Timeout Configuration

Autonomy applications have multiple timeout layers that work together to ensure reliable execution. Understanding how these layers interact is essential for building robust agents, especially for long-running tasks like research or batch processing.

Understanding Timeout Layers

When a request flows through an Autonomy application, it passes through several timeout boundaries:

HTTP API → Agent Execution → Model Calls → [Throttle Queue] → Gateway → LLM Provider

Each layer has its own timeout configuration. The outermost timeout (HTTP API) acts as the ultimate limit—if inner operations exceed it, the entire request fails.

The Multi-Iteration Challenge

Agents don’t make single requests—they iterate through a loop of thinking, acting, and gathering responses. A typical agent conversation involves multiple model calls:

User Message
    ↓
┌─────────────────────────────────────────────┐
│            Agent State Machine              │
│  ┌───────────────────────────────────────┐  │
│  │ Iteration 1: Model call (~5-30s)      │  │
│  ├───────────────────────────────────────┤  │
│  │ Iteration 2: Tool + Model call (~30s) │  │
│  ├───────────────────────────────────────┤  │
│  │ Iteration 3: Model call (~5-30s)      │  │
│  ├───────────────────────────────────────┤  │
│  │ ... more iterations ...               │  │
│  └───────────────────────────────────────┘  │
└─────────────────────────────────────────────┘
    ↓
Response to User

Time compounds across iterations.

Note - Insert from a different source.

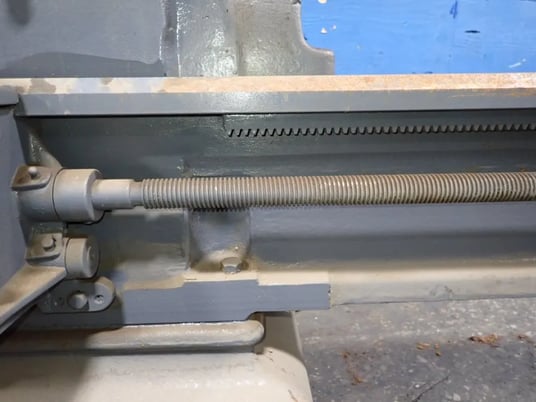 16" South Bend, Lathe, w/Compound Rest, Tailstock & Steady Rest, 12.5" 3-Jaw Chuck, 8" 4-Jaw Chuck, 8" Vise - Image 6
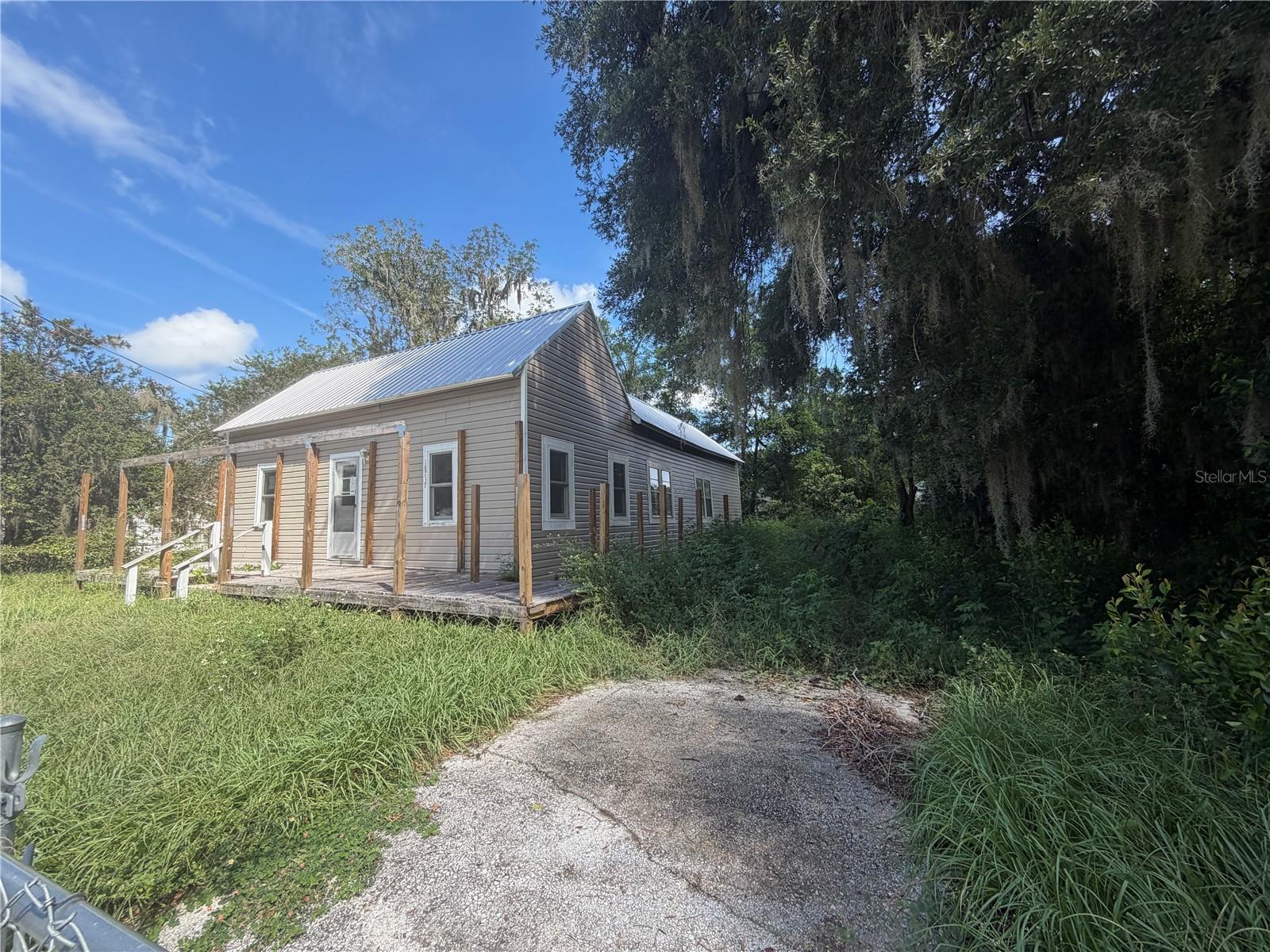 18737 Charlotte Ave Property Photo 12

A 10-iteration agent with 30-second iterations needs 300 seconds total—but the default HTTP timeout is only 180 seconds.

Quick Reference

Use Case	HTTP Timeout	`max_execution_time`	Throttle	Notes
Simple Chat	60s	60s	No	Quick Q&A, 1-3 iterations
Tool-Augmented Chat	120s	120s	No	Tool calls, 3-5 iterations
Research Agent	660s+	600s	Yes	Deep work, many iterations
Batch Processing	180s	120s	Yes	Per-item timeout
Voice Interface	30s	30s	No	Low latency critical
Subagent Workflows	660s	600s	Yes	Parent + child time

Layer 1: HTTP API Timeout

The HTTP layer is the outermost timeout boundary. Configure it when making requests to the built-in agent endpoints:

curl

# Default: 180 seconds
curl --request POST \
  --header "Content-Type: application/json" \
  --data '{"message": "Research this topic"}' \
  "https://${CLUSTER}-${ZONE}.cluster.autonomy.computer/agents/researcher?timeout=600"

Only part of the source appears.